Michelle Lettieri says she still remembers Oct. 20, 1993 like it was yesterday. The crash happened in New Haven just blocks away from her sister's home.
"We were hit head-on at 6:30. I was critically injured, they didn't think I was going to survive,” said Lettieri. “My mom was my front seat passenger, she was killed instantly. And my sister was my backseat passenger, and she broke her jaw and her nose."
Lettieri said in the wake of the crash, she had to choose between grief or doing something positive. That’s when she called up the New Haven chapter of Mothers Against Drunk Driving.
"I started speaking in area schools wherever they needed a speaker, I would go,” said Lettieri. “Volunteering in this organization after something like this happens is so very important, because you're with people going through similar things that you have gone through. So it's a good way of healing."
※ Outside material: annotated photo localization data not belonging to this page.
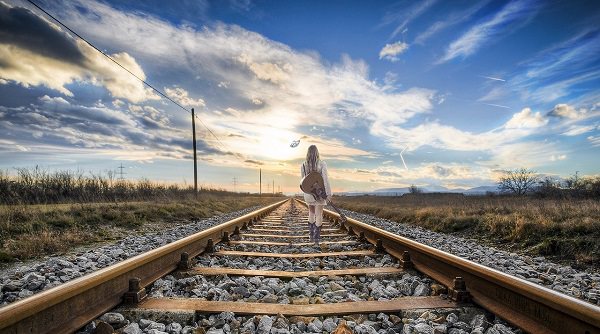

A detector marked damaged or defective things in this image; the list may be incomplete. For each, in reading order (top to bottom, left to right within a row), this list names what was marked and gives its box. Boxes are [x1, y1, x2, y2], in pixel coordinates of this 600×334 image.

rusty rail surface [0, 200, 288, 332]
rusty rail surface [298, 200, 600, 334]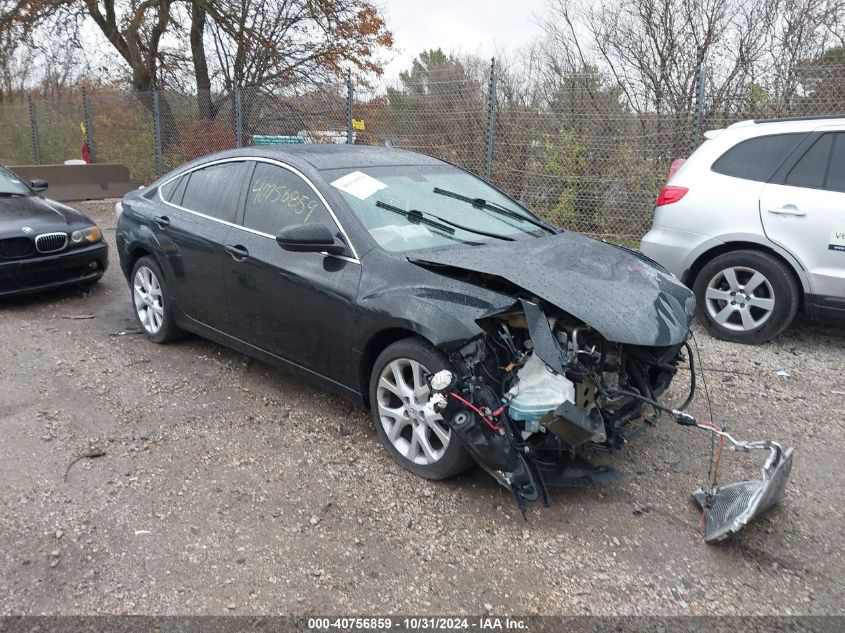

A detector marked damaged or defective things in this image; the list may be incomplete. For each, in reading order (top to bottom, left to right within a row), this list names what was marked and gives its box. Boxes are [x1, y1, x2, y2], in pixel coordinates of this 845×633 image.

detached headlight [71, 223, 102, 241]
crumpled hood [408, 230, 692, 346]
severely damaged front end [408, 232, 792, 540]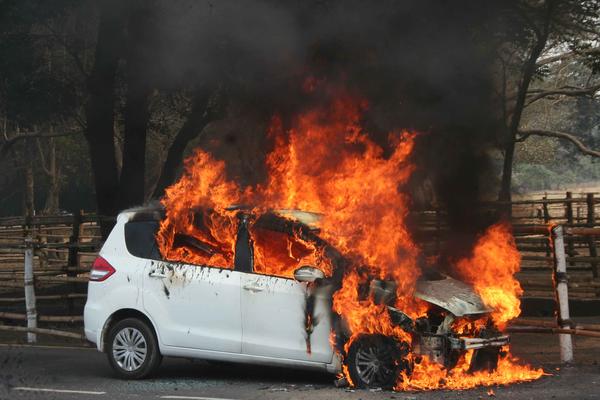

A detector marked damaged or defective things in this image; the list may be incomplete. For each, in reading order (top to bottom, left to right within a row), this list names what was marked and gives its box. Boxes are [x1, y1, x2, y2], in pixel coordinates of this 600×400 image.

charred car hood [414, 276, 490, 318]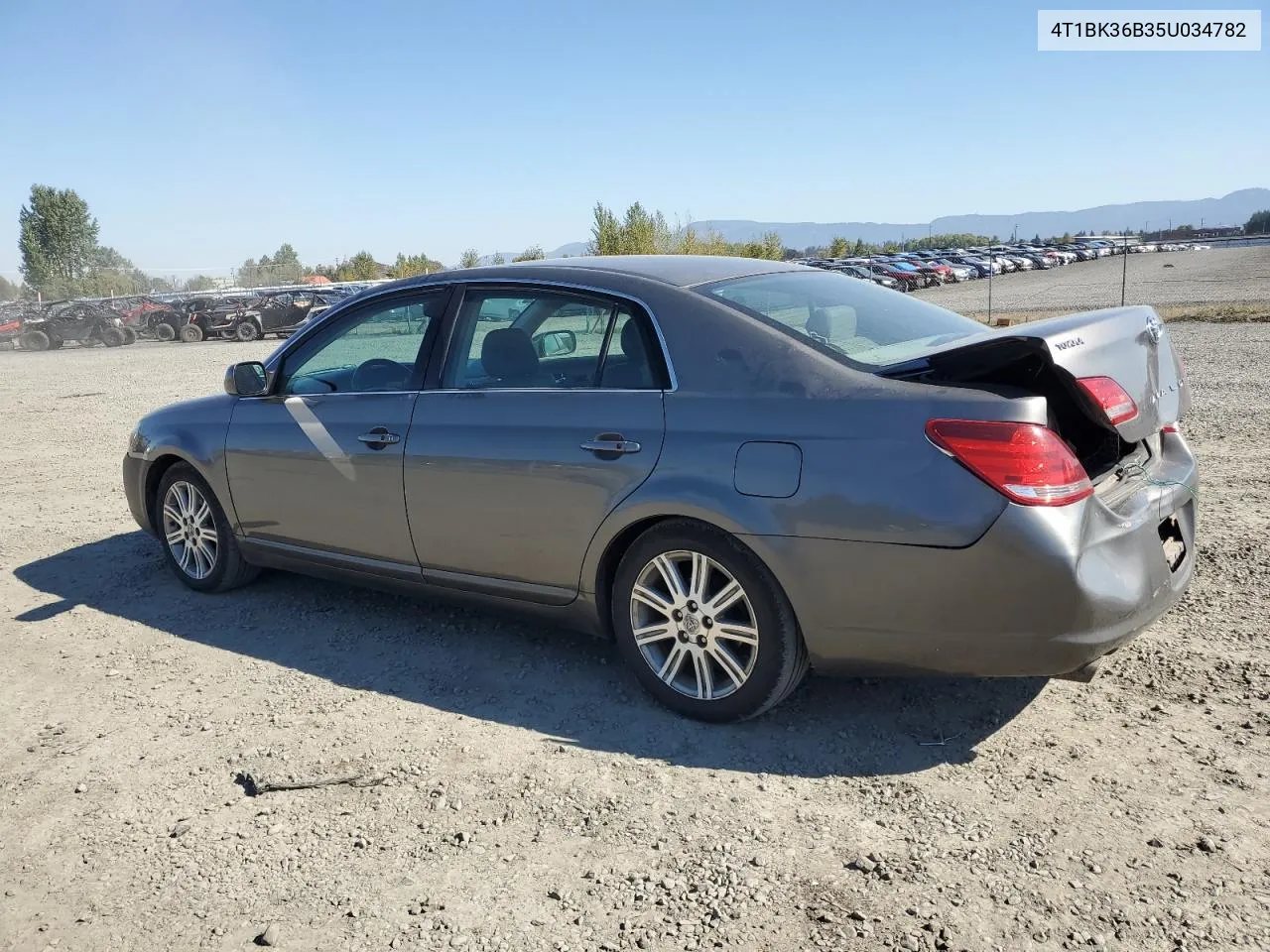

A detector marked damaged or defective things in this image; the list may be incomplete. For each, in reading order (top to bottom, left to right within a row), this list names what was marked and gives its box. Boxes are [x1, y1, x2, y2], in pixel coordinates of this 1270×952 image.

broken tail light lens [1072, 378, 1143, 426]
broken tail light lens [924, 416, 1091, 508]
rear bumper damage [741, 431, 1189, 680]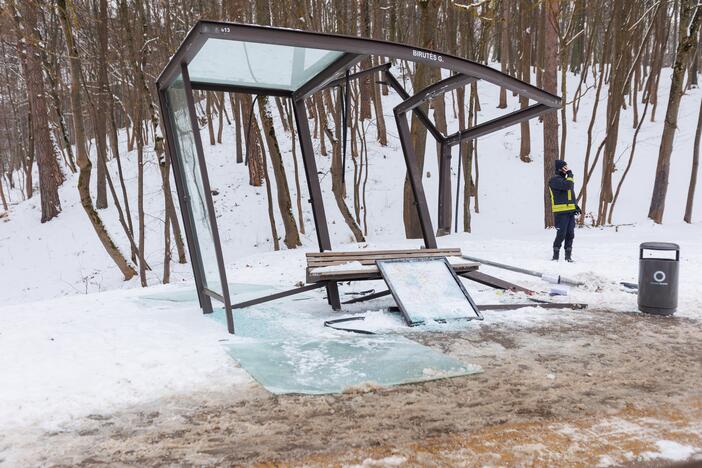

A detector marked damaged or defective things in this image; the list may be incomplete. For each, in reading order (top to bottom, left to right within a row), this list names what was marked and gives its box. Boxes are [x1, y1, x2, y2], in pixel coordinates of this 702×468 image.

damaged bus shelter [158, 19, 568, 332]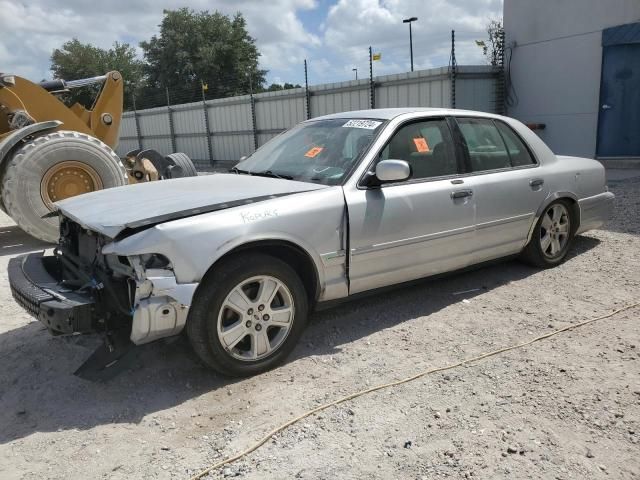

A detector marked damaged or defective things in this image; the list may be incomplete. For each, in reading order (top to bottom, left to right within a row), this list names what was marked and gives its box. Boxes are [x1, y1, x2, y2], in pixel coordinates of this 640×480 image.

crumpled front bumper [8, 253, 96, 336]
damaged silver sedan [7, 108, 612, 376]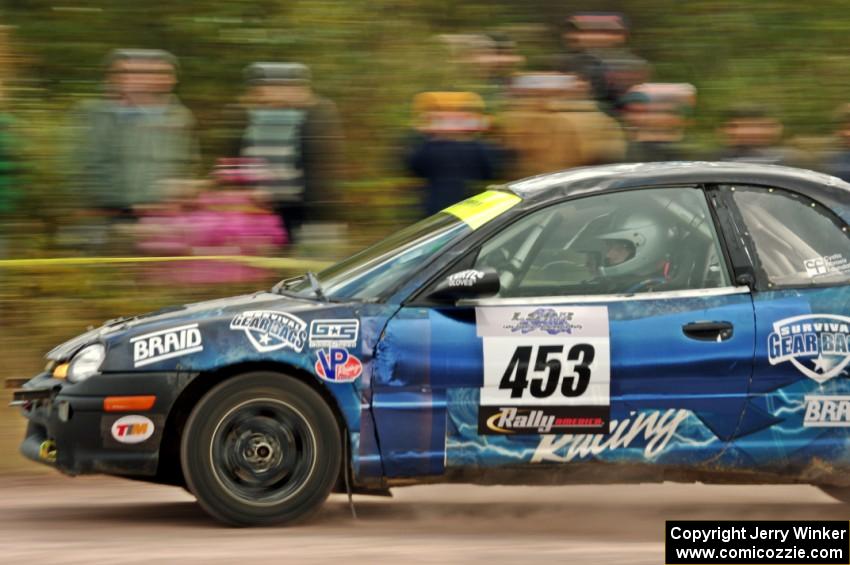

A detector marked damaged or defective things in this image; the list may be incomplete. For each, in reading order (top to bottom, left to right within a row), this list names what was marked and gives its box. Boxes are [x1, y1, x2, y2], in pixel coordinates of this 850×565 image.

damaged front bumper [9, 372, 182, 478]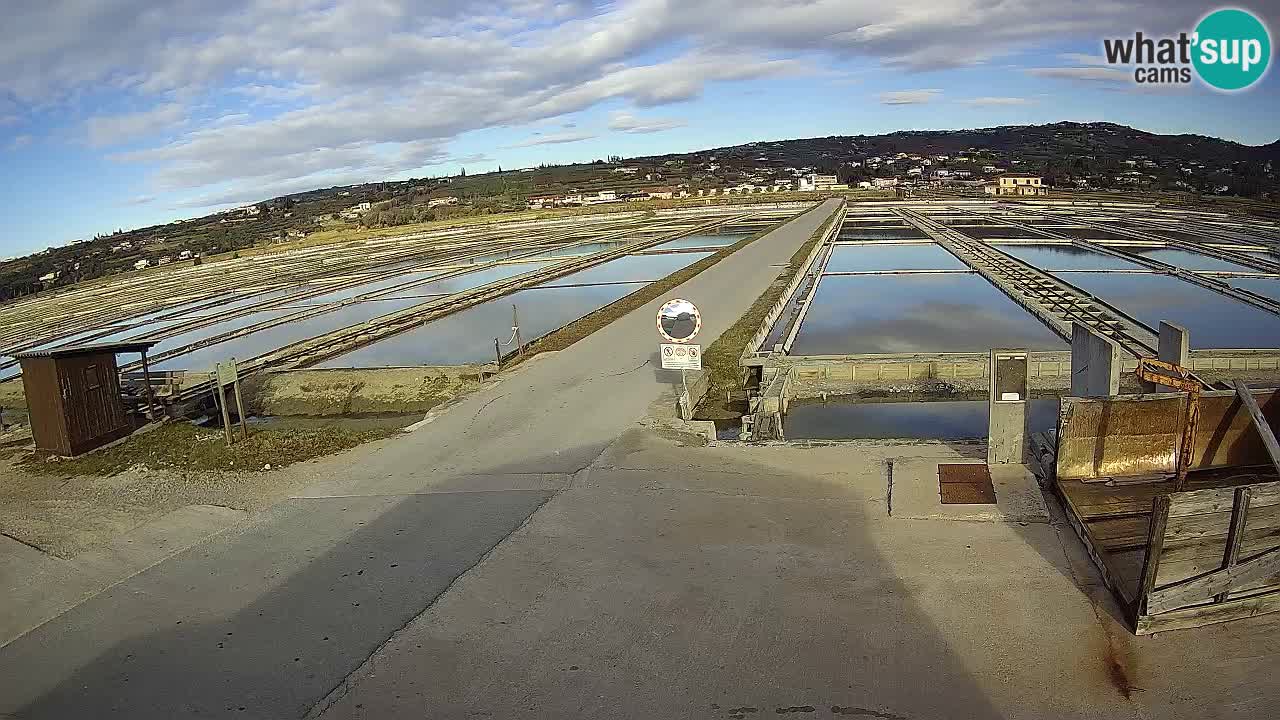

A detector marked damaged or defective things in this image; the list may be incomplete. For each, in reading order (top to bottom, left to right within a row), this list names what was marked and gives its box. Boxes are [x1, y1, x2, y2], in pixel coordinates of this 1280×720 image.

rusty metal sheet [1054, 389, 1280, 479]
rusty metal sheet [942, 461, 998, 502]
After volunteering for a short while, she was hired full-time, and has been with MADD ever since. Ahead of New Year’s Eve, she asks partygoers to designate a sober driver.
Over 29 years since the crash, Lettieri says it’s still “ongoing healing.” But as MADD Connecticut’s director of victim services, she honors her mother every day.
"I do the work I do to keep my mom's memory alive,” she says. "If my story could get out to just one person to prevent this tragedy, then I've done what I needed to do."